For instances like these, it can be difficult to navigate what resources are available—whether civilian or military—or find the specialist needed. EFMP is specifically designed to help the sailor and the detailer (who will determine a sailor’s next duty station) make sure the right support services are available.
“We also offer life skills,” says Dain. “Communication is an important one; recognizing the difference between good communication techniques and poor ones. Stress management—what works well for different personalities. Resiliency in general—how to build it so that no matter what life challenges are thrown at them, they’ll be able to deal with it.”
Emergency preparedness is a high priority for FFSC. Dain says, “It’s not a matter of if Murphy strikes, it’s when. We can support our members so they can handle things. We even have Ready Navy programs for hurricane preparedness, and now a get-ready-for-winter program.”
There is an international database of 19 different categories, ranked in severity of need.
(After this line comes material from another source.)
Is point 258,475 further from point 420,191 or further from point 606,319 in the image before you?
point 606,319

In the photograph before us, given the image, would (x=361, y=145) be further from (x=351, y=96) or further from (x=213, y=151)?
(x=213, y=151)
A member can check in and select what they need; emergency case managers are available to support those families worldwide.
Many of the staff at FFSC are, or have been, spouses of military members. “That’s important,” says Ross, “because when a young spouse comes in with a crying baby, a 2-year-old in hand, she’s having financial trouble, is in tears and doesn’t know where to turn, those staff members who’ve lived the life understand. They’ve been there and know what it’s like to go through a deployment by themselves. They have the compassion.”
The Fleet & Family Services Program and all they do is about taking care of our sailors and families, providing self-resilience programs, making sure the military family is strong, and supporting mission readiness. Citizens and members of the community can know that their military members and families are in good hands because of centers like this.